At one time, I clearly distinguished Phantom Midges and Phantom Crane Flies. More recently, however, I've noticed a distressing tendency to confuse the two. In trying to clear up my confusion, however, I discovered that the phantom flies are taxonomic phantoms as well as phantoms in name, having been classified in different taxonomic groups by different authors.
First, both phantom midges and phantom crane flies are true flies, order Diptera, and gnatlike flies, suborder Nematocera. Here's where the similarity ends, however. Phantom midges are mostly in the genus Chaoborus, and they exhibit their "phantomness" in the aquatic larval stage. Phantom midge larvae (see right) are almost transparent, have no legs, but hang suspended in the water column, buoyed up by large air vacuoles within the body cavity.
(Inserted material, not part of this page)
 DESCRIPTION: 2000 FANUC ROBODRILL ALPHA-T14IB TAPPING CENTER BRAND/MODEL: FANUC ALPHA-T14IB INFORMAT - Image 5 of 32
They are predators themselves as well as one of the famed dietary choices of fishes. But wait-----predators with no legs to handle prey? Yes sirree. These fascinating phantoms have prehensile antennae with which they nab their prey. Being just above the mouth, this arrangment seems to work out just fine. They are fairly common in Seattle area lakes and wetlands.
The adult Phantom Midge resembles a mosquito, but is non-biting (Bland 1978). Usinger (1971) classifies phantom midges as a subfamily of the Culicidae (mosquitoes), the Chaoborinae. However, more recent texts assign them to their own family, the Chaoboridae. (I find this latter arrangement doesn't have the same bite as the former).
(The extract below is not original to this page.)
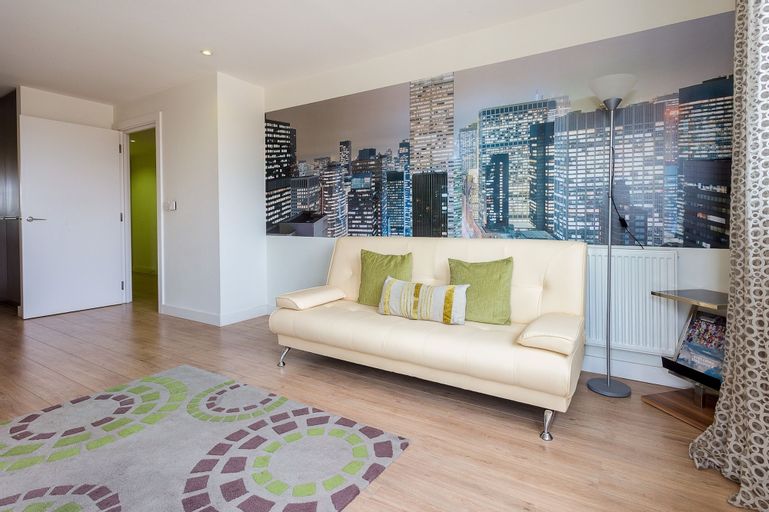 Greenwich Two Bed Flat, with Pool &Parking, London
Now for Phantom Crane flies, genus Bittacomorpha. As adults, phantom crane flies are fairly large, long-legged flies resembling crane flies. The larvae, which are scavengers, live in mud or shallow water filled with decaying grass, rushes, or leaves, and breathing through long tubes (see left). It is the adult that earns the name "phantom" because of its flight behavior. It hangs or floats in the air rather than flies, spreading its long legs to catch the breeze, a little like ballooning in spiders. Phantom crane flies have black and white banded legs with swollen metatarsi filled with tracheae, presumably to enhance buoyancy. When the legs are vibrated, this insect indeed lives up to its name, giving the beholders a sensation of "spots before the eyes." I've only seen the Phantom Crane Fly once in Seattle, in Discovery Park near the north parking lot.
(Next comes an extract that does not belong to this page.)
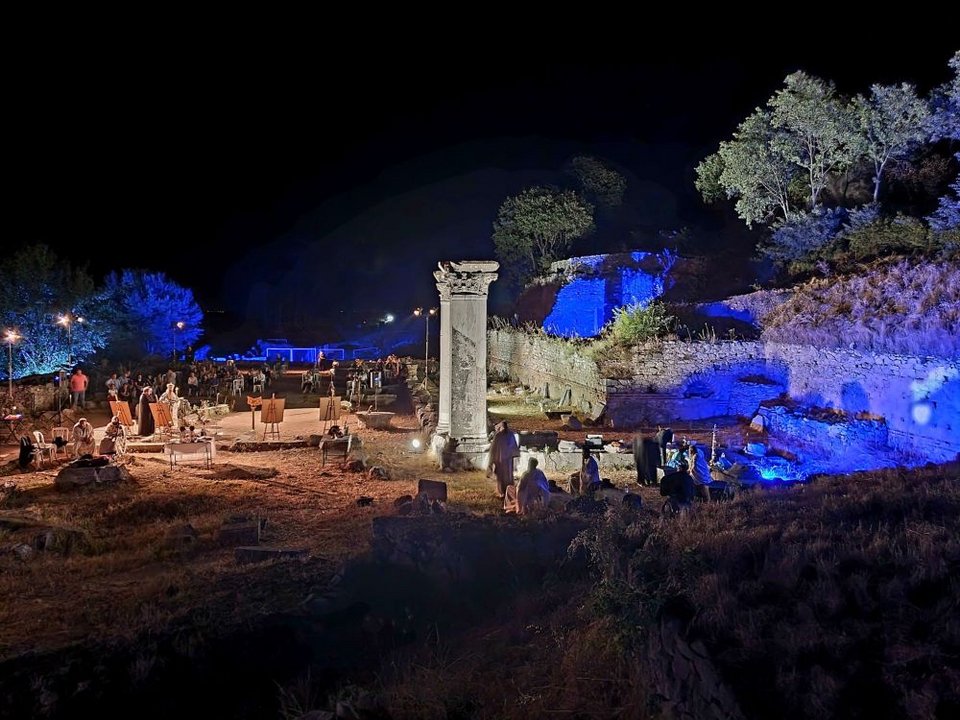 Η ιερά αγρυπνία πραγματοποιήθηκε στον επιβλητικό χώρο όπου σώζονται τα ερείπια της παλαιοχριστιανικής Βασιλικής Α', της πρώτης εκκλησίας που κατασκεύασαν οι χριστιανοί στην αρχαία πόλη των Φιλίππων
Usinger refers to phantom crane flies as phantom midges, no doubt contributing to my confusion, and puts them in the fly family Liriopeidae, false crane flies. Alexander (1920) classified phantom crane flies as the subfamily Bittacomorphinae of the family Ptychopteridae, as did Williams and Feltmate more recently (1992). Another source of confusion is to get Bittacomorpha, the phantom crane fly, mixed up with Bittacus, a crane-fly-like member of the scorpionfly order, Mecoptera. Bittacus adults, called hangingflies or hanging scorpionflies, typically hang from vegetation by the front legs, capturing prey with their hind feet (Bland 1978). Well, so much for my earlier statement about similarities. Let me try again. Phantom midges and phantom crane flies have very little in common aside from evoking a surreal sense of wonder in human observers. How's that?
Alexander, C.P. 1920. The Crane-flies of New York. Part II. Biology and phylogeny. Cornell Univ. Agricultural Experiment Station Memoir 38: 699-1133.
Bland, R.G. 1978. How to know the insects. Pictured Key Nature Series. Wm. C. Brown Co., Dubuque, Iowa.
Usinger, R.L. 1971. Aquatic insects of California. University of California Press.
Williams, D.D. and B.W. Feltmate. 1992. Aquatic insects. CAB International, Wallingford, U.K.